Une conférence de Lionel Maurel
Logiciels libres et Open Source ; projets collaboratifs comme Wikipédia ou Open Street Map ; œuvres culturelles partagées sous licence Creative Commons : autant d’exemples de Communs numériques qui ont pris aujourd’hui une importance significative. Néanmoins, ces objets sont souvent présentés comme des Communs « immatériels », « informationnels » ou « de la Connaissance », par opposition à des Communs dits « naturels », « matériels » ou « environnementaux ». Ce type de dichotomie fait écho au Grand Partage entre Nature et Culture, remis en question dans les travaux de Bruno Latour, et notamment dans son ouvrage Où atterrir ? Comment s’orienter en politique . Les travaux originaux d’Elinor Ostrom (prix Nobel d’économie 2009) et de Charlotte Hess avaient pourtant le mérite de ne pas opérer ce type de séparation, car elles pensaient de front la dimension matérielle des Communs de la connaissance et le rôle du partage des connaissances dans les Communs naturels.

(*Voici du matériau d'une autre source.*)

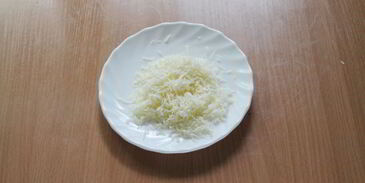 жюльен из курицы в духовке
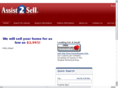 assist2sellvirginia.com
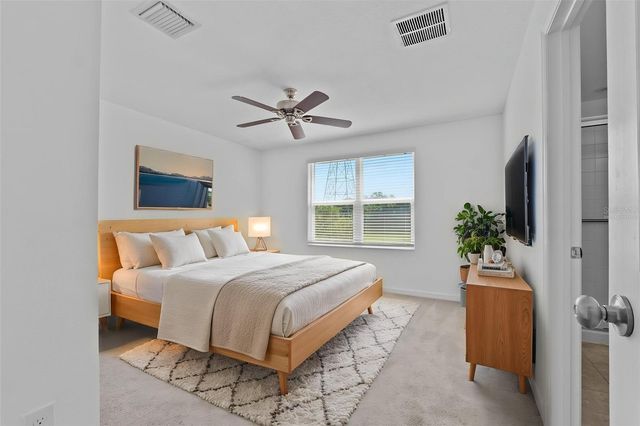 7046 GRAND ELM DRIVE, Riverview, FL 33578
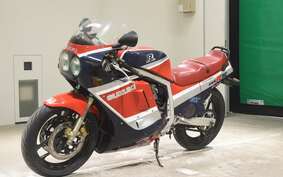 SUZUKI GSX-R750 1986 GR71G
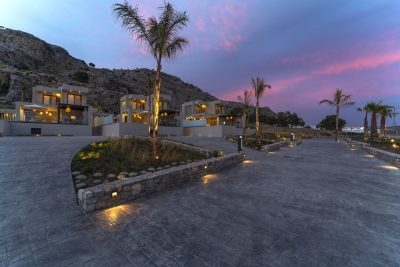 1 NIlay Durukanli interior designer (27)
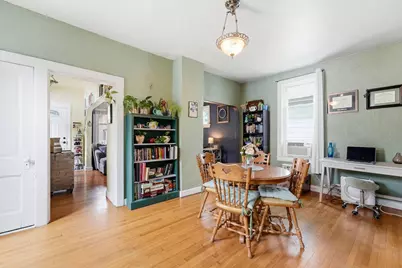 414 Banfil Street, Saint Paul, MN 55102 - Photo 10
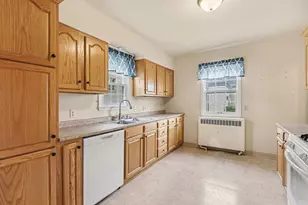 2129 Miner Ave, Muskegon, MI 49441 - Photo 9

Mais ces enseignements ont peu à peu été oubliés au profit d’une conception désincarnée des Communs numériques, réduits à leur dimension purement informationnelle. C’est notamment l’influence de la cyberculture américaine des pionniers de l’Internet qui a conduit à les concevoir comme des « Communs intangibles de l’esprit » (James Boyle) flottant dans l’éther numérique. Suivant les propositions de Bruno Latour, il importe aujourd’hui de sortir de cette pensée dualiste pour « faire atterrir » les Communs numériques, en les appréhendant comme inséparables des infrastructures et des objets matériels constituant du réseau que forme Internet. C’est même une urgente nécessité pour parvenir à penser des Communs numériques qui ne seraient plus « hors-sol », mais enracinés dans les sols et dans les corps, en cessant de séparer les enjeux d’émancipation des humains des questions écologiques devant être regardées en face à l’heure de l’Anthropocène.